County Administrator Pat Bean passes behind County Attorney Renee Lee as she hands out results of a lie detector test she took. She says the results prove she didn’t read e-mails obtained from auditor Jim Barnes.


County Administrator Pat Bean passes behind County Attorney Renee Lee as she hands out results of a lie detector test she took. She says the results prove she didn’t read e-mails obtained from auditor Jim Barnes.

TAMPA — This is what meetings of the Hillsborough County Commission have become: Its top administrator, a 33-year employee, distributing results of a lie-detector test to shore up her credibility.

The county attorney, with 25 years of legal experience, speaking with the aid of a lawyer she has hired to defend her reputation.

And the county auditor, whose recent peer review concluded his work does not meet accepted standards, standing defiant before the commission chairman who has requested the resignations of all three.

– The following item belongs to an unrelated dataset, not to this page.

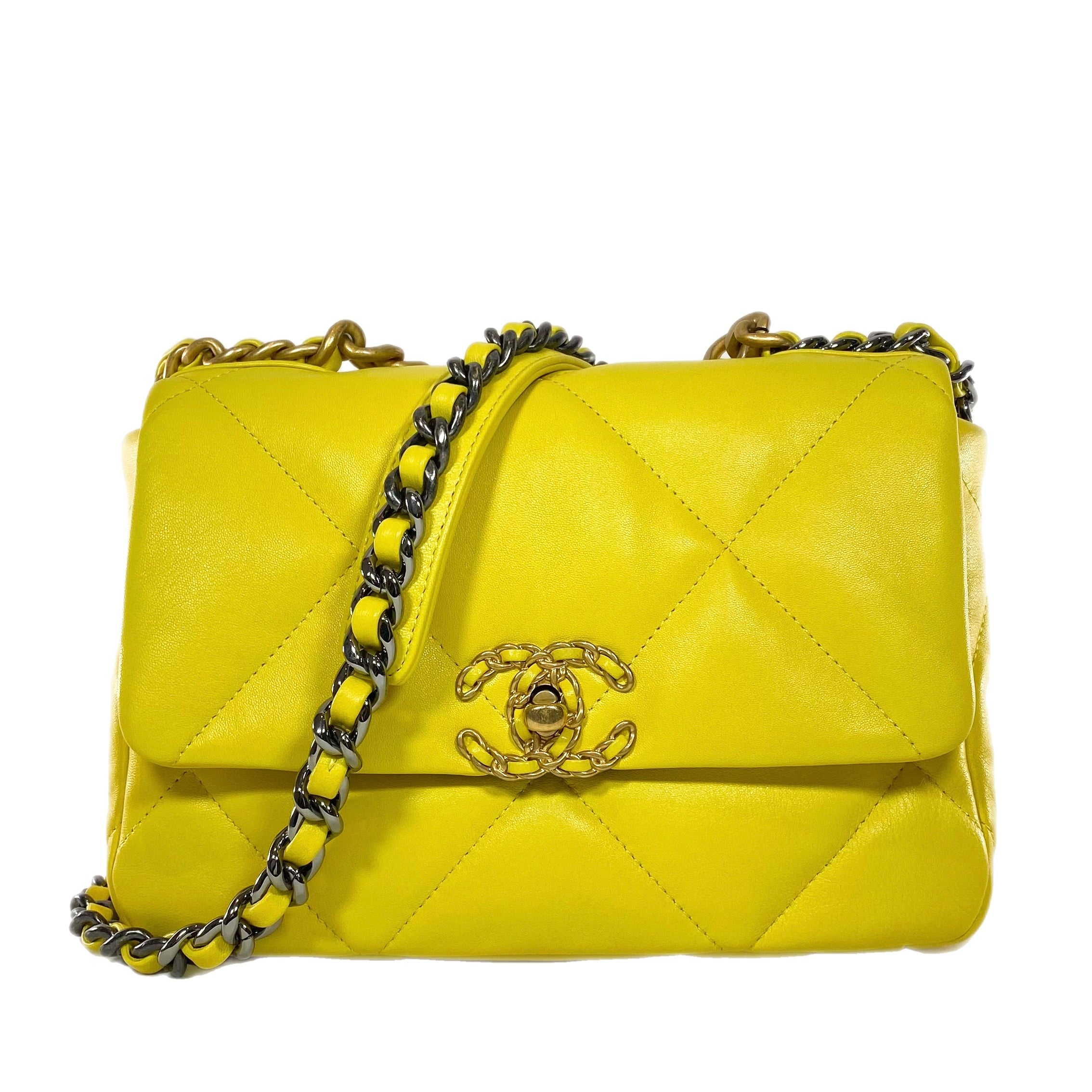 Chanel Yellow Lambskin Medium 19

"I will not resign today. I will not resign tomorrow. I will not resign next week," said internal performance auditor Jim Barnes.

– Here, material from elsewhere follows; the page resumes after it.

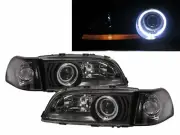 S70 96-00 4D Guide LED Halo Projector W/ Corner Lamp Headlight BK for VOLVO LHD (for: Volvo)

The county is battling budget cuts and contemplating asking voters to approve a new transit tax. But the months of infighting among its top three appointed officials that has consumed county government played out in an awkward melodrama Wednesday.

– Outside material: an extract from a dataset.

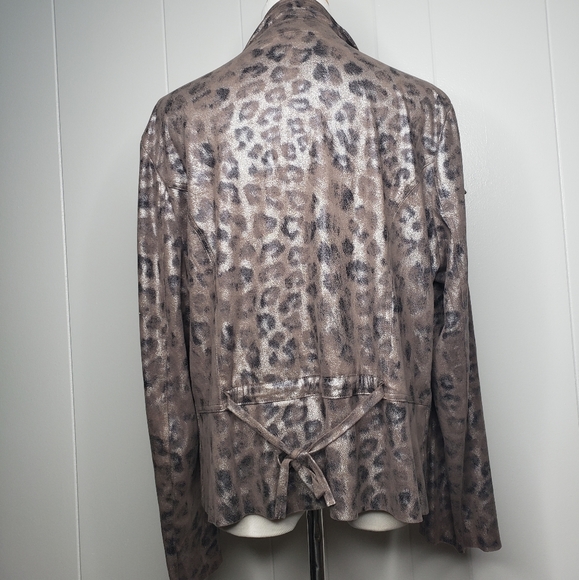 Peck & Peck Leopard Print Faux Suede Open Draped Front Jacket Simmery Cheetah XL - Picture 6 of 12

"This is what hurts the most," Commissioner Mark Sharpe said afterward. "The taxpayers, who expect us to solve problems, are watching the county's leaders hiring lawyers and parsing their words."

Commission Chairman Ken Hagan called for Wednesday's discussion to resolve what he described as months of back-biting between County Administrator Pat Bean, County Attorney Renee Lee and Barnes. Hagan says the behavior of the three has created a culture at County Center that is toxic and dysfunctional.

His solution: a trifecta of terminations. He has asked all three to resign and says if they don't he will seek to fire them.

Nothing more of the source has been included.